Abstract award: Good tolerance of post-RP radiotherapy ± STADT

Dr. Paul Sargos (Institute Bergonie, Bordeaux, France) presented the first results of the GETUG-AFU 22 study and won the second prize in the EAU20 Best Abstract Awards Oncology.

Dr. Paul Sargos (Institute Bergonie, Bordeaux, France) presented the first results of the GETUG-AFU 22 study and won the second prize in the EAU20 Best Abstract Awards for Oncology1.

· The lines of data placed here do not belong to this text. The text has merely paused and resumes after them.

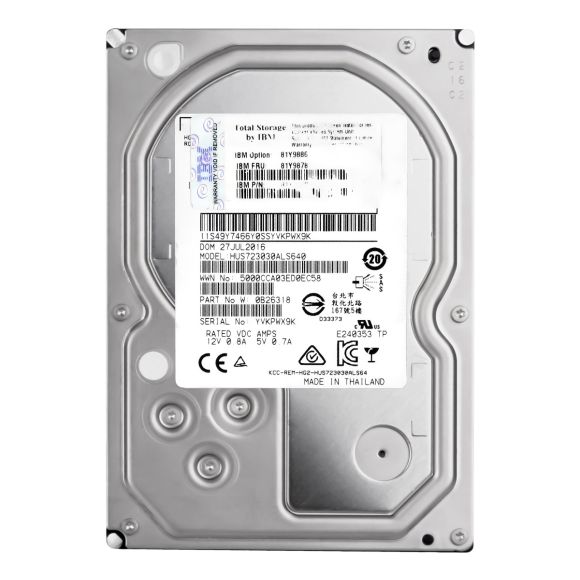 IBM 81Y9878 3TB 7.2K 64MB SAS-2 3.5'' HUS723030ALS640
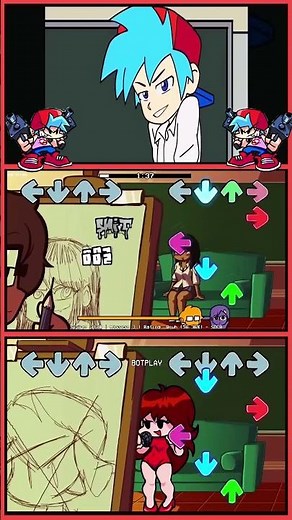 FNF But She Draws ME?! (Unexpected 😱) I FnF Pro Player #fnf #games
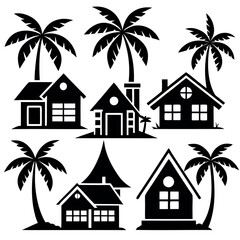 A collection-of-six-black-and-white-illustrations 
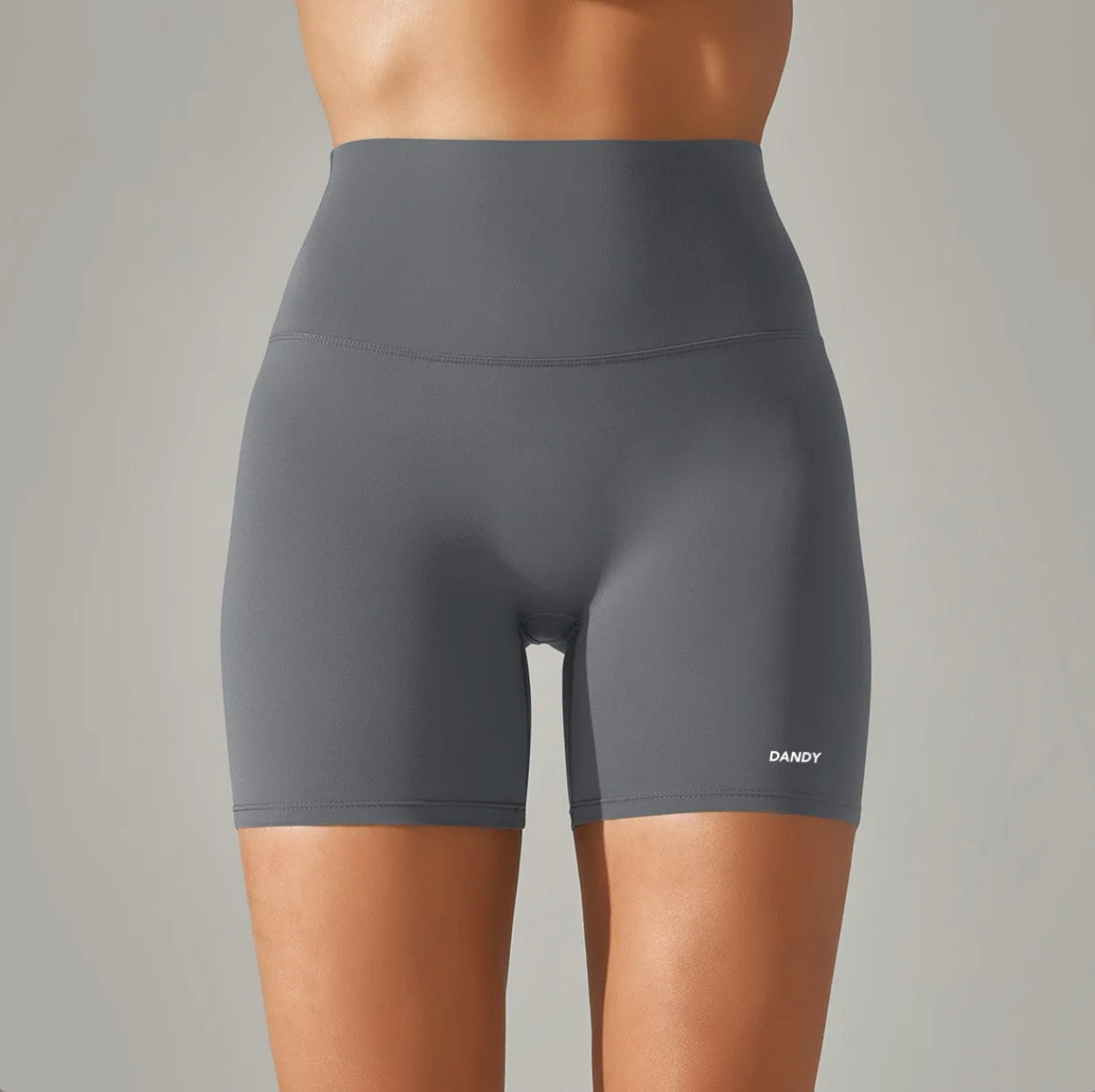 High Waist Biker Shorts Color Slate
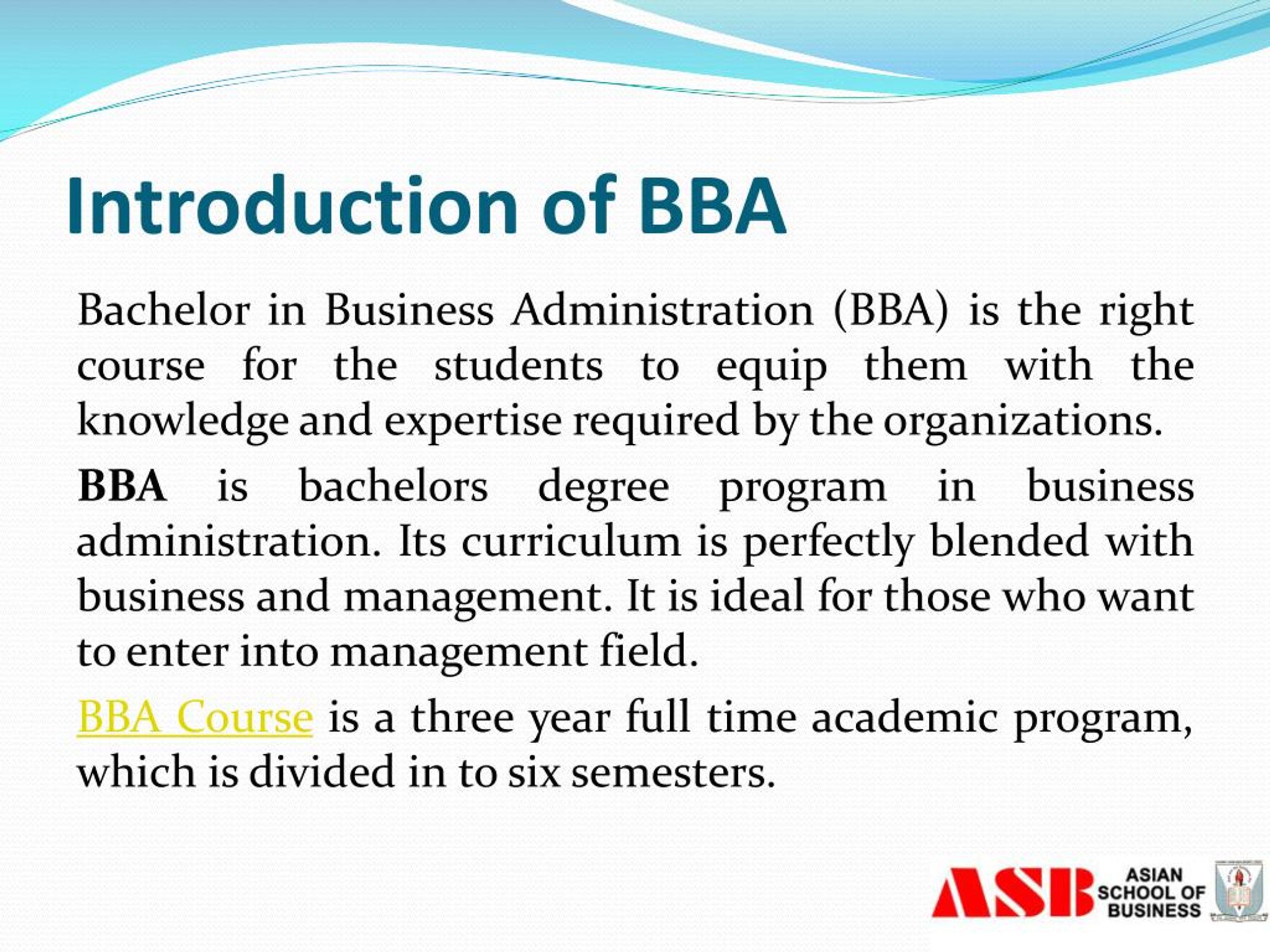 presentation topics bba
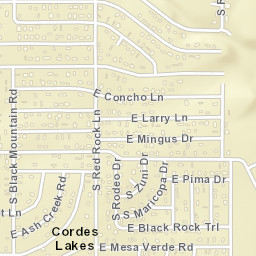 Cordes Lakes Arizona Street Map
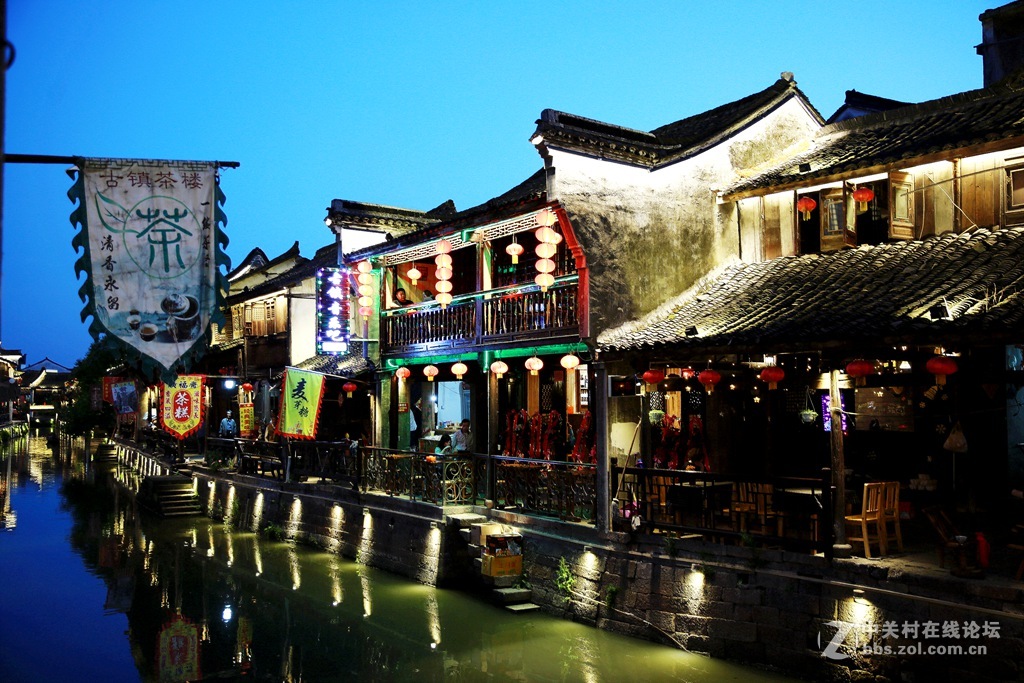 浙江德清新市西河口夜景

The GETUG-AFU 22 study, a multicentre randomized phase-2 trial, compared 6 months of degarelix short-term androgen deprivation therapy (STADT) in combination with radiotherapy (RT) and with RT alone as salvage treatment for patients with detectable prostate-specific antigen (PSA) levels after radical prostatectomy (RP). The primary efficacy endpoint was event-free survival, which will be reported later this year. Key secondary endpoints were toxicity (as measured by CTCAE V4.0) and quality of life (QLQ-C30 and QLQ-PR25) results.

Dr. Sargos presented the key secondary endpoints in 125 patients with localized prostate cancer, treated by RP, with a PSA level post-RP ≥ 0.2 ng/mL and ≤ 2 ng/mL at randomization and N0 M0 on imaging were included. Median PSA level was 0.3 ng/mL (0.09-1.82) post-RP and 0.6 ng/mL (0.12-3.65) at randomisation.

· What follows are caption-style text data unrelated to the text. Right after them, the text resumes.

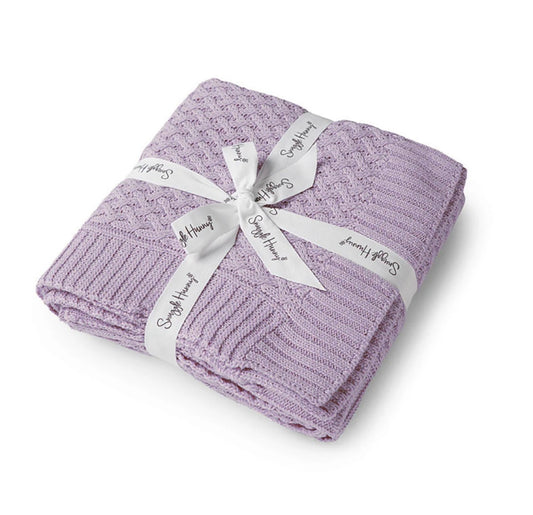 Vistfrøðiligt Bummulls Teppi Lavender
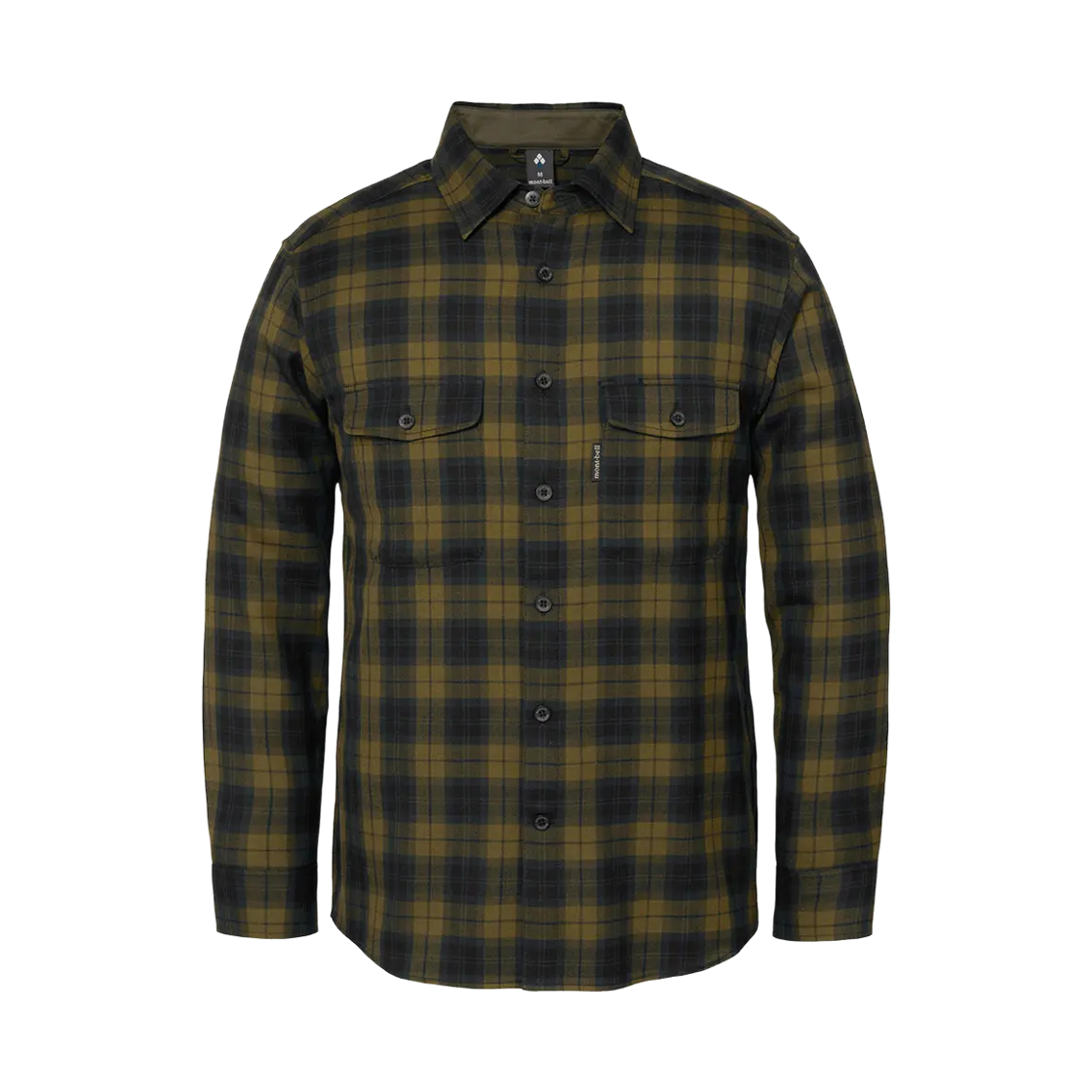 1114666 Montbell Merino Wool O.D. Shirt Khaki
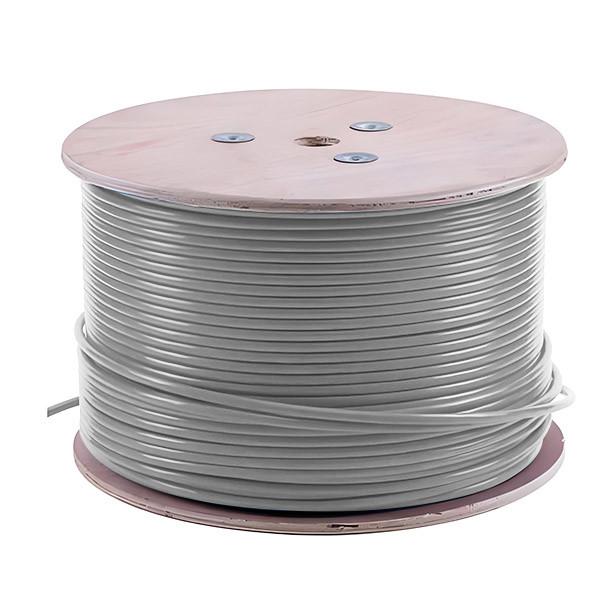 FTP CAT 5E Gray 0.515mm Copper Ethernet Cable Pass Fluke 1000FT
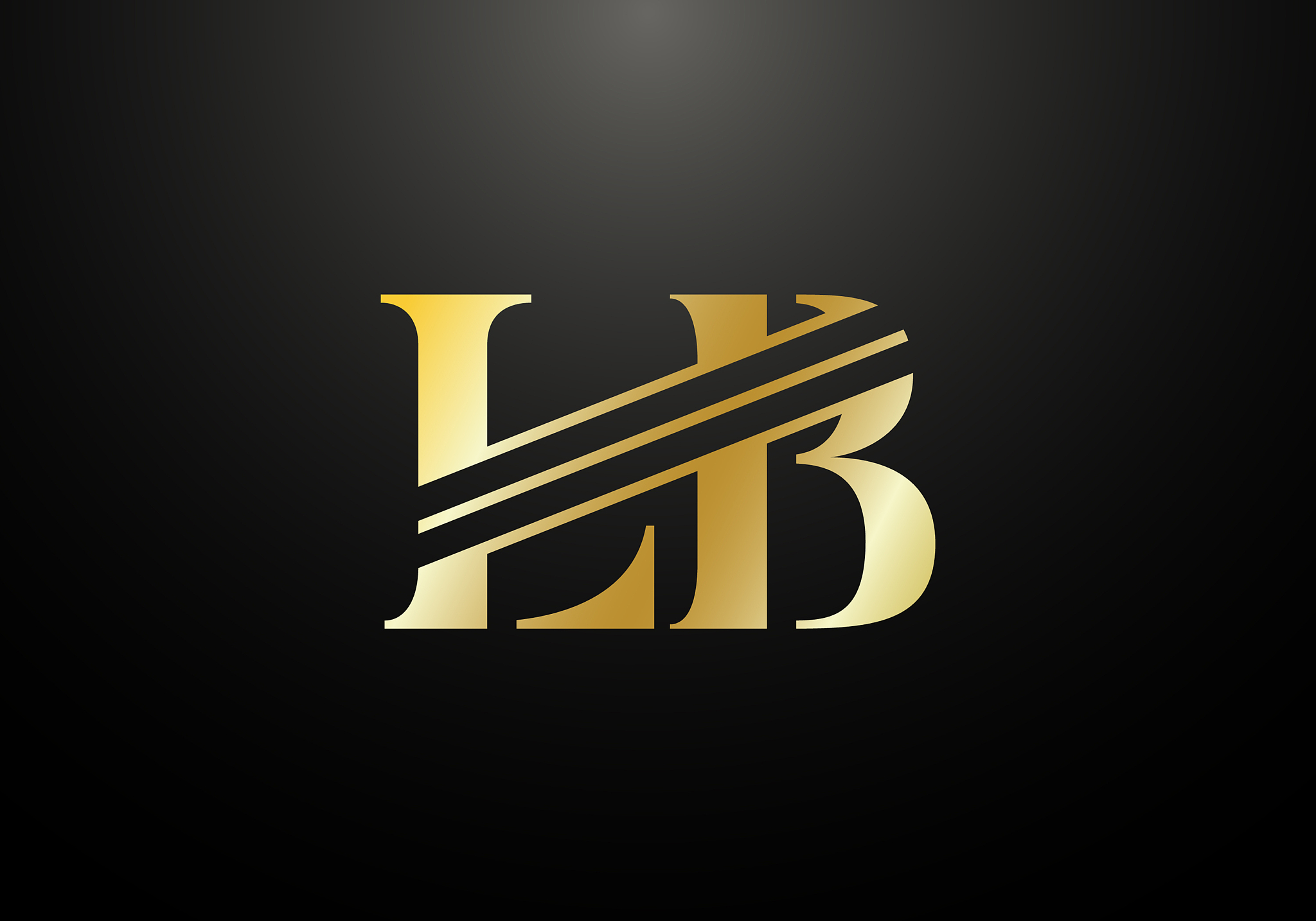 initial monogram letter lb logo design template l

With a median follow-up of 38 months, the 2-years toxicity showed no differences in late genitourinary or gastrointestinal toxicity between the 2 arms (P=0.145). No difference was seen between the 2 arms for erectile dysfunction, while 2 patients in each arm reported grade-3 cardiovascular events (in the RT-alone arm, tight coronary stenosis, and femoral arteritis; in the RT + STADT arm, pulmonary embolism, and cardiac arrhythmia). The number of second cancers was not significantly different between the arms.

Quality of life was evaluated in 59% of patients in the RT arm and 77% in the RT + STADT arm. At 12 months, QLQ-PR25 related symptoms were significantly higher in the RT + STADT arm (P=0.04), but these data normalized by 24 months when no significant difference in QLQC-30 or QLQ-PR25 outcomes was reported. This study highlights the good tolerance of postoperative radiotherapy.

Reference:
1. Sargos P, et al. Late toxicity and quality of life from GETUG-AFU 22 study: A randomized phase ii trial comparing 6 months of degarelix in combination with radiotherapy to radiotherapy alone for patients with detectable PSA after radical prostatectomy. 2020 European Association of Urology Virtual Congress. July 17-26, 2020 Abstract PT925.